THORN GOLD-COPPER-SILVER PROJECT

Description

The Thorn Project hosts a district scale Paleocene-Cretaceous-Triassic-Jurassic, volcano-plutonic complex and related sedimentary units with several styles of mineralization related to porphyry and epithermal environments.

Location

The wholly-owned 2,600 square kilometres Thorn Project is located in northwestern British Columbia (northern tip of the “Golden Triangle”), Canada, approximately 90 km northeast of Juneau, AK. The southern limit of the Thorn claim boundary is roughly 50 km from tide water. 

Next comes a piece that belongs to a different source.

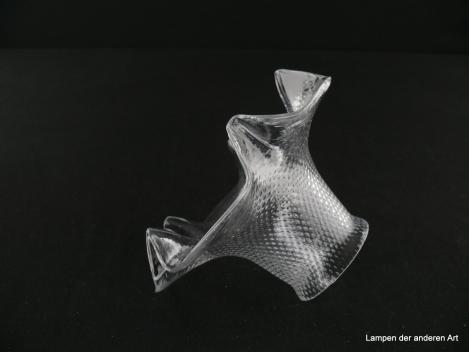 Jugendstil Lampenschirm gebraucht, Klarglas, Waffelmuster minimal erhaben, gewellter Rand glatt, fünffach gekniffen, Nostalgie Ersatzglas für alte Lampen, D: 15,5cm, H: 9cm, Glashalterand Griffrand 6cm, liegend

Thorn is relatively accessible from Vancouver. A commercial flight to Whitehorse, Yukon departing in the morning allows for transfer to a fixed wing aircrafts, which can land on the airstrip at the property by early afternoon. Access around the property is supported by helicopter from the well-established Thorn Camp.

Property History

The earliest known work on the Thorn property was carried out by Kennco in 1959 as part of a regional exploration program. Including work from Brixton since 2011, a total of 31,070 soils, 8,185 rocks and  1,203 stream sediment samples have been taken on the property. Geophysical work includes 65 line-kilometres of induced polarization, 9 line-kilometres of MT, 467 line-km of airborne EM, 80 square kilometres of airborne radiometrics and 200 square kilometres of airborne magnetics. 768 square kilometres of LIDAR surveys were completed and property-wide ASTER-SENTINAL 2 data was acquired. 40,000 m of diamond drilling to date among 220 drill holes. 

Exploration Targets

  • Mineralization at the Camp Creek is within a 2km by 1km area has been the main focus of drilling by Brixton Metals thus far. However, it was only in 2019 that drilling was deep enough to test the blind porphyry.  Deeper drilling in 2019 and 2020 encountered porphyry-style veining beginning at depths of roughly 300m-500m. THN20-181 returned 439m of mineralized porphyry Cu-Au-Ag-Mo. Further drilling is needed to determine the extent of this mineralization. The 2021 plan is to drill test the Camp Creek porphyry in several locations, starting with extending hole 181 to greater depths.
  • The Oban zone is a porphyry-related diatreme breccia where polymetallic (Au-Ag-Cu-Pb-Zn) mineralization is hosted in the breccia matrix. Subrounded clasts are composed mostly of quartz diorite porphyry, some of which contain mineralized porphyry-style veining. Hole 150 drill tested the diatreme to 829m depth where 554m was ~2 g/t AuEq.
  • The Glenfiddich zone consist of high-sulphidation veins and silica-flooded breccia hosting high Cu-Ag-Au. Intense silicification with vuggy texture is exposed on several outcrops at surface and is host to pyrite, tetrahedrite and enargite. Hole 121 drilled 10.6% Cu, 583 g/t Ag, 2.5 /gt Au over a true width of 1.1m
  • The Talisker zone is defined by a northeast striking high sulphidation vein corridor. It has strike length of 600 m and is open to the northeast. Disseminated and vein-hosted pyrite and sulphosalts with strong sericite alteration yield significant Au-Cu-Ag values. The best Talisker hole returned 49m of 2.2 g/t AuEq.